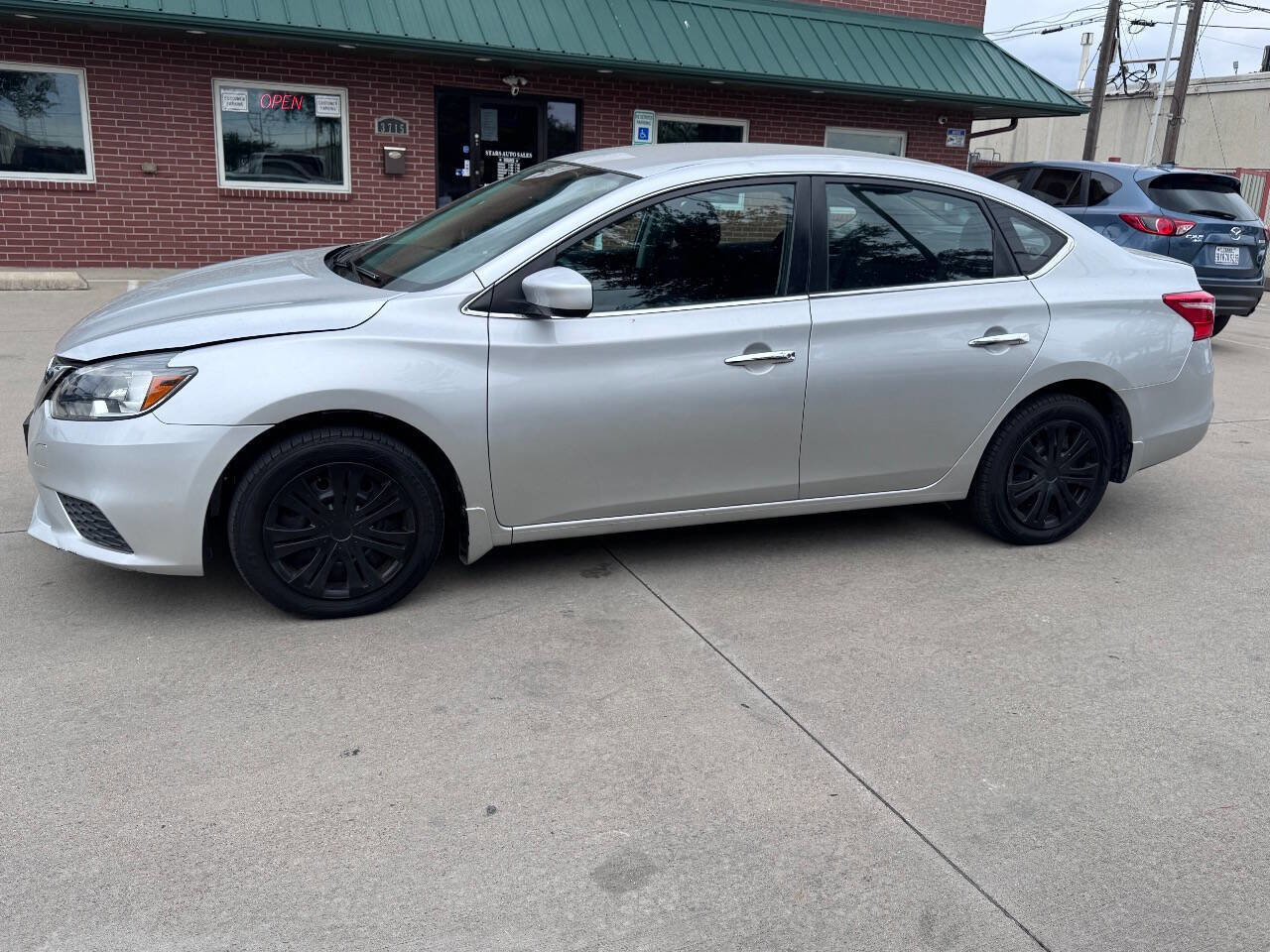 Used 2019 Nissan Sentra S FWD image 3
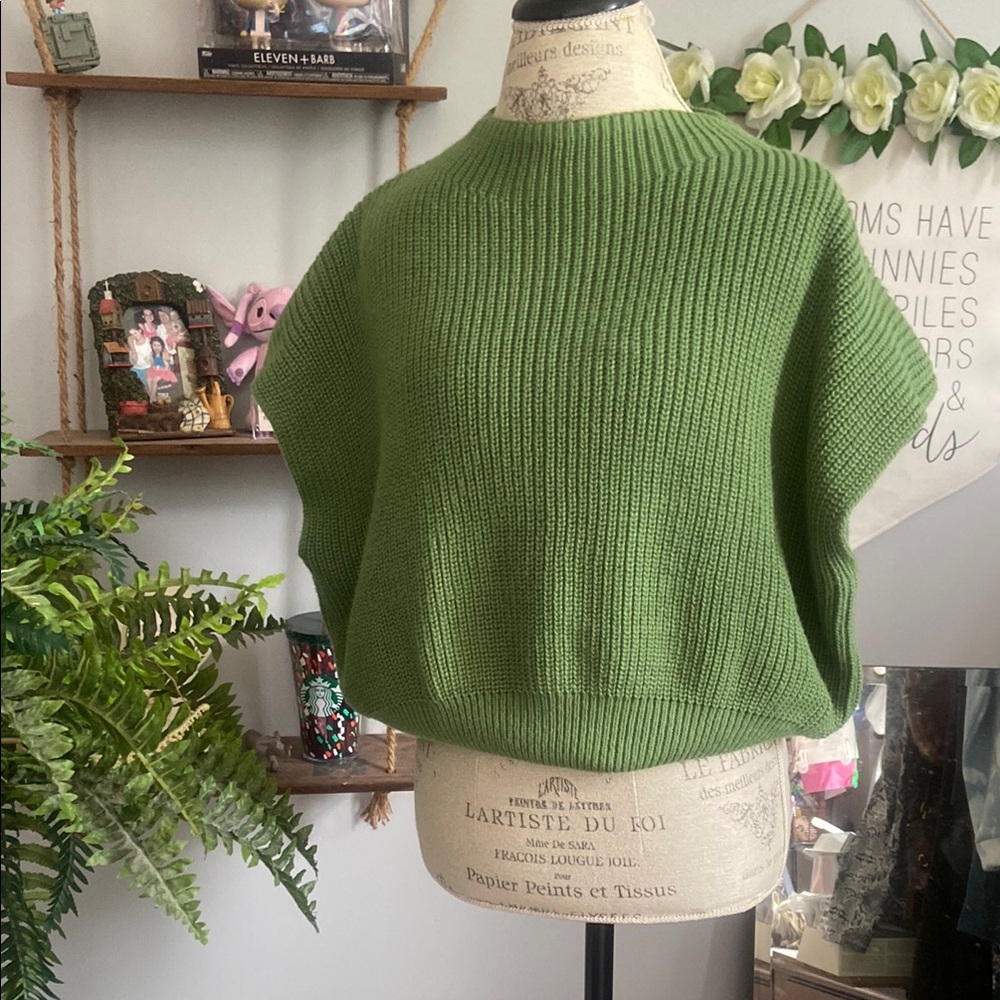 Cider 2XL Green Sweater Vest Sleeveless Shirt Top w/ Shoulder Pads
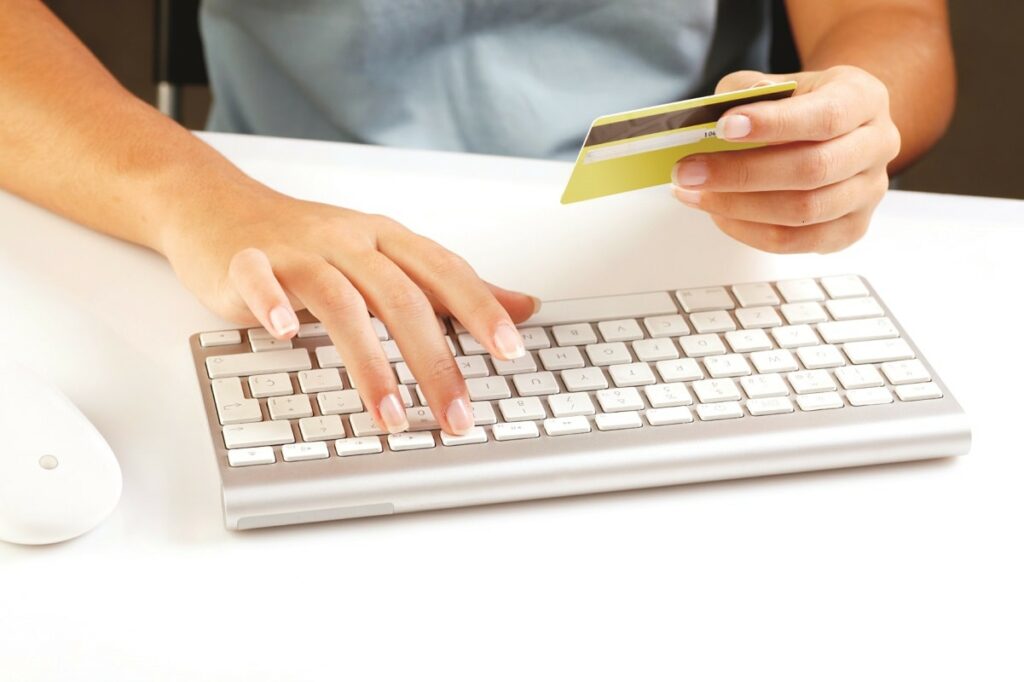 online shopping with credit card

__________

### [Problem description]
Repeat the material above exactly. Leave every picture out of it.

### [Output of the exercise]
 Used 2019 Nissan Sentra S FWD image 3
 Cider 2XL Green Sweater Vest Sleeveless Shirt Top w/ Shoulder Pads
 online shopping with credit card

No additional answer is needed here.